A material perspective on delivering medicines in the body

Science Lives: Andreas Heise, associate professor of chemistry at the Royal College of Surgeons in Ireland

Andreas Heise: "We are very interested in technologies like 3D-printing, where you build up layers of materials to make a structure"

Andreas Heise: "We are very interested in technologies like 3D-printing, where you build up layers of materials to make a structure"

 

You are interested in making molecules that can deliver medicines into the body. What do you do?
“We make polymers in our lab. Because we want to use them in the body we use naturally-occurring molecules called amino acids, which are the building blocks of proteins.

When nature makes proteins, the different amino acids are added stepwise in a specific sequence to make a pattern, but we will use just one or two amino acids and we throw them in a pot and make long chains called polypeptides in a matter of minutes.

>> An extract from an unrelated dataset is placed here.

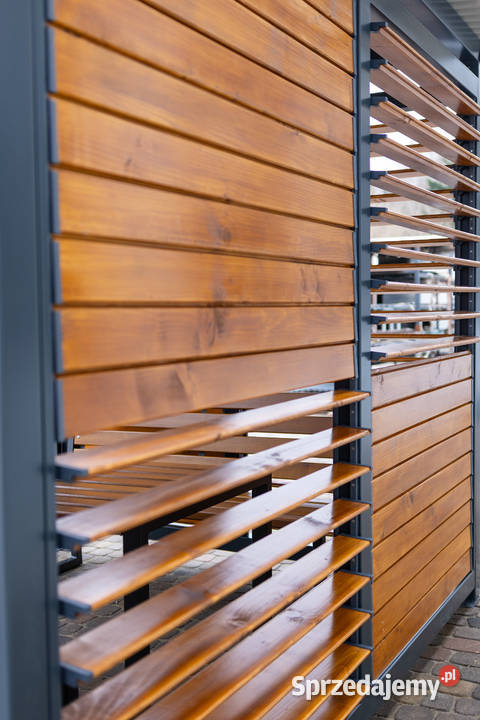 Pergola altana ogrodowa na wymiar producent Łódź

You throw them in a pot? Is it that straightforward?
Pretty much, at least that step is. The more sophisticated stuff comes before and after that. Before making a polymer in the lab, we need to design it so that it will carry out a function in the body. And then once we have made it, we need to validate its structure and its properties, and of course we need to see how it works in practice, if it will indeed carry out the function we were aiming for.

Where might these polypeptide materials be used?
At the moment, we are working with a few collaborators here in RCSI, including Prof Fergal O’Brien’s lab which makes implants to help bones and cartilage regenerate after an injury and Prof Sally Ann Cryan’s group, who are making medicines that can be inhaled directly into the lungs.

All of our labs are on the same floor in our building, so the researchers all talk to each other and have coffee and so on, and it means our group can better understand how to design materials that will work in the body, and the other groups can learn from us about the types of material that are possible to make.

Recently we have worked on materials that can be included in bone implants to deliver genes to stem cells to help the bones heal even faster, and materials to help inhaled medicines get down into the lungs to fight infection or inflammation.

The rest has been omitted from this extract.